Das zentrale juristische Problem des Genozid-Begriffs ist bis heute der Vorsatz. Um einen Völkermord nachzuweisen, genügt es nicht, dass Tausende oder Millionen Menschen getötet wurden. Es muss nachgewiesen werden, dass die Täter beabsichtigten, eine Gruppe „als solche“ zu zerstören. Das macht die juristische Beweisführung extrem schwierig. Der Jurist Philippe Sands sagte zu diesem Thema, nach seiner Erfahrung neigen die Beteiligten an solchen Morden nicht dazu, ihre Absicht offenzulegen oder Spuren in Gestalt von einschlägigen Unterlagen zu hinterlassen.
Nicht nur Verurteilung, auch Verhinderung
Außerdem verpflichtet die UN-Konvention die Mitgliedstaaten nicht nur zur Verurteilung des Völkermordes, sondern auch zu seiner Verhinderung.

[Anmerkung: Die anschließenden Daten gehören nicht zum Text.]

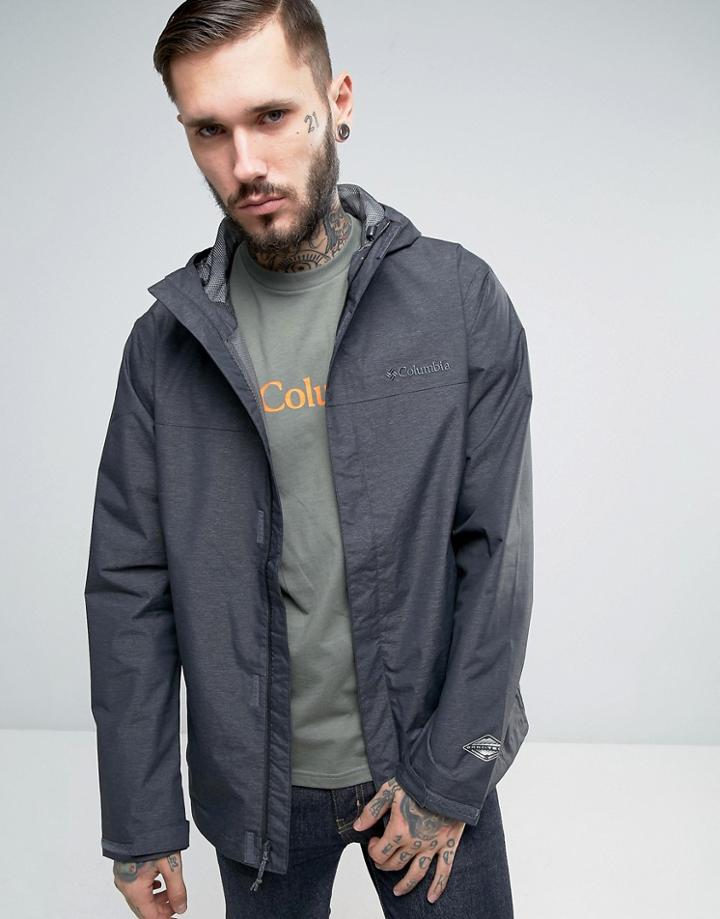 Columbia Watertight Hooded Jacket In Black Marl - Black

Wer Genozid benennt, muss also auch handeln. Damit wird es politisch richtig schwierig.
Raphael Lemkin wurde zehnmal für den Friedensnobelpreis vorgeschlagen, bekommen hat er ihn nie. Er starb 1959 in New York, einsam und verarmt. Heute gilt er als Pionier des Völkerrechts, verschiedene Preise sind nach ihm benannt.